Wheelchair-bound, they had neither guns nor influence. They lined up last week along the airport road as convoys of tinted-windowed SUVs carrying politicians headed to Qatar to try to break a political deadlock that was dragging Lebanon toward civil war.
They were mostly ignored, except by bodyguards who swung their weapons menacingly toward them.
But the striking image and powerful words of the activists, many hurt in the country’s 1975-90 civil war, sent an unmistakable message to leaders of both the pro-West coalition and the Iranian- and Syrian-backed camp led by the Shiite militia Hezbollah.
“If you don’t agree, don’t come back,” said their signs.
On Wednesday, Lebanese politicians began trickling home with a compromise that will finally allow the election of a president but also appears to solidify Hezbollah’s status as an armed force overshadowing the power of the state.
The deal, signed after nearly a week of talks in the Qatari capital of Doha, cleared the way for army Chief of Staff Gen. Michel Suleiman to ascend to the presidency in a parliamentary vote Sunday.

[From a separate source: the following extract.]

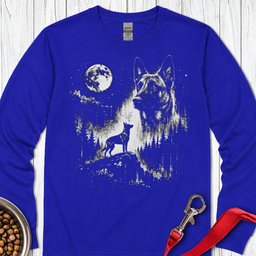 Belgian Malinois Moon Long Sleeve Shirt Gift For Dog Lover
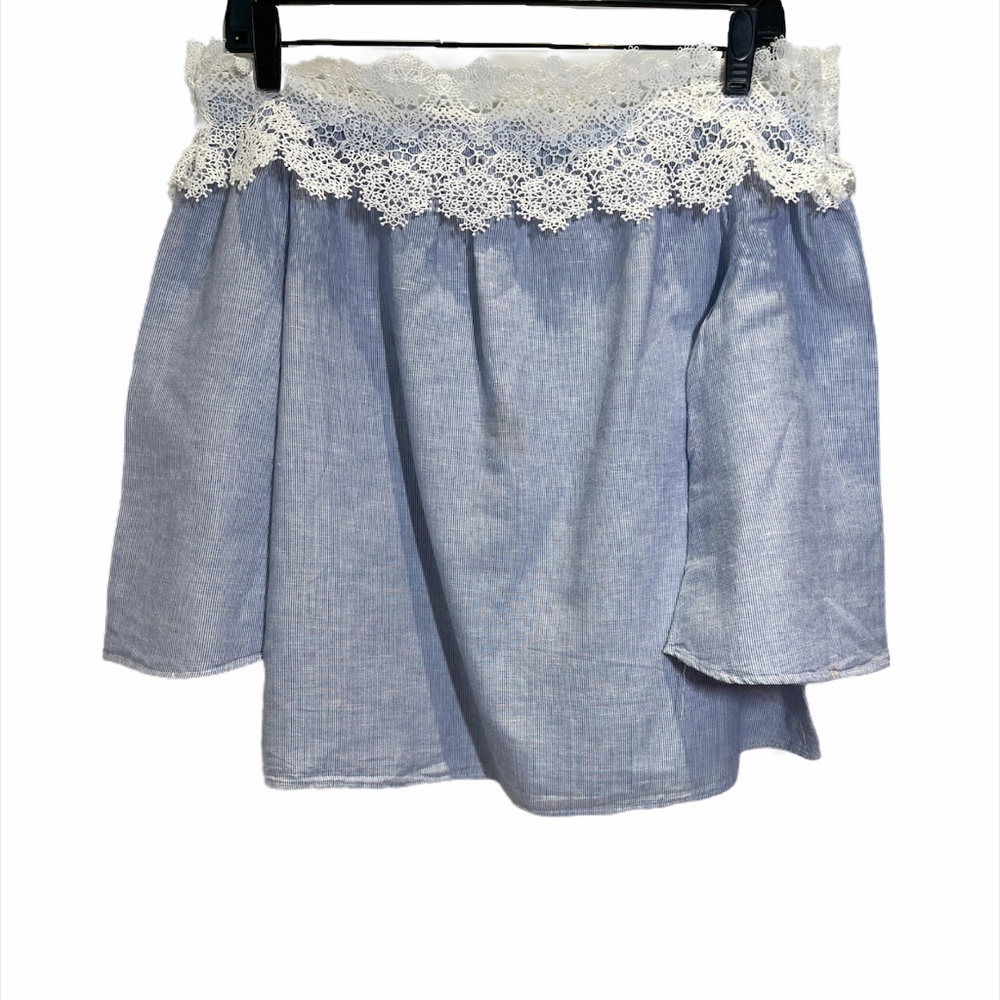 Zara off shoulder blue stripe blouse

He was named to the post last fall, but final approval had been blocked by political infighting, deepening the sense of chaos.
The accord gave Hezbollah and its allies enough Cabinet positions to veto any attempt to take away its formidable arsenal, intelligence assets or communications network.
It also granted the U.S.-backed coalition leader, Saad Hariri, the electoral law he sought, securing a majority of Beirut seats for his loyalists in 2009 parliamentary elections and a promise that Hezbollah will not use its weapons against fellow Lebanese, as it did during an offensive this month that left at least 60 people dead.
The violence showed the limits of Lebanese democracy. Hezbollah’s offensive forced the government to negotiate Cabinet allocations and election rules before Suleiman was named president.
The militant movement had not been able to win those concessions through politics or protest.
The fighting also revealed the disparate balance of power between Hezbollah and the government, which was ultimately unable to call upon its armed forces to confront the Shiite militia.
As part of the deal, Hezbollah and its allies Wednesday dismantled an 18-month-old encampment of tents and barriers that had strangled the city’s graciously restored downtown. Shares of Solidere, the development firm that runs the renovated area, jumped 15% on the Beirut Stock Exchange as Lebanese merchants anticipated a strong summer of tourism. The spirits of the Lebanese people soared as well.
“I used to have to wear flip-flops to walk the 15 minutes from my car to my job” because of the roadblocks, said Vera Shalhoum, a 28-year-old employee of a downtown financial services firm. “Now I can wear my high heels again.”
Some suspected the agreement came about because of a secret deal between foreign capitals that hold sway over the country’s various political camps.
But politicians and analysts say that rising public disgust over the shenanigans of Lebanon’s political class may also have been key.
In particular, many noted the powerful image of the activists in wheelchairs, whose protest was organized by the 1,200-member Lebanese Physical Handicapped Union.
“I want finally to reassure the people of Lebanon,” Sheik Hamad ibn Khalifa al Thani, the Qatari emir who guided the negotiations, said Wednesday. “A group of them went out to address their leaders who came here, telling them not to come back if they didn’t agree. They have agreed, and they are now on their way back to start together with their people a new day that we hope will be clear and peaceful.”
As he spoke at the televised signing ceremony in Doha, the employees and volunteers at the nonprofit union’s second-floor office in Beirut roared with applause.
“It felt like a thank-you,” said Sylvana Lakkis, head of the disability group. “It felt great.”
The shock of this month’s violence prompted members to hold the roadside protest. The simple imperative of their action illustrated the frustration and growing anger of many Lebanese. They became the talk of the town.
“It touched the right chord with the vast majority of people in this country,” said Karim Makdisi, a professor of political science at the American University of Beirut. “It really embodies what everyone is feeling deep down.”
And the politicians got the message. “None of the Lebanese wanted their leaders to come back with these problems to Beirut,” said Nawar Sahili, a pro-Hezbollah member of parliament.
Rarely has Lebanon’s ragtag collection of civil society groups had an impact on its entrenched political class, whose members have been wrestling over power for decades. For politicians, Lebanon’s fate has been a parlor game to be played quietly in back-room deal making or, if that fails, on the streets with guns.
But rarely have Lebanese been so united in their anger against their leaders.
“We did not expect this reaction,” said Imaddedine Raef, spokesman for the disability group, which receives support from the European Union and the U.S.-funded National Democratic Institute. “We’re used to being ignored.”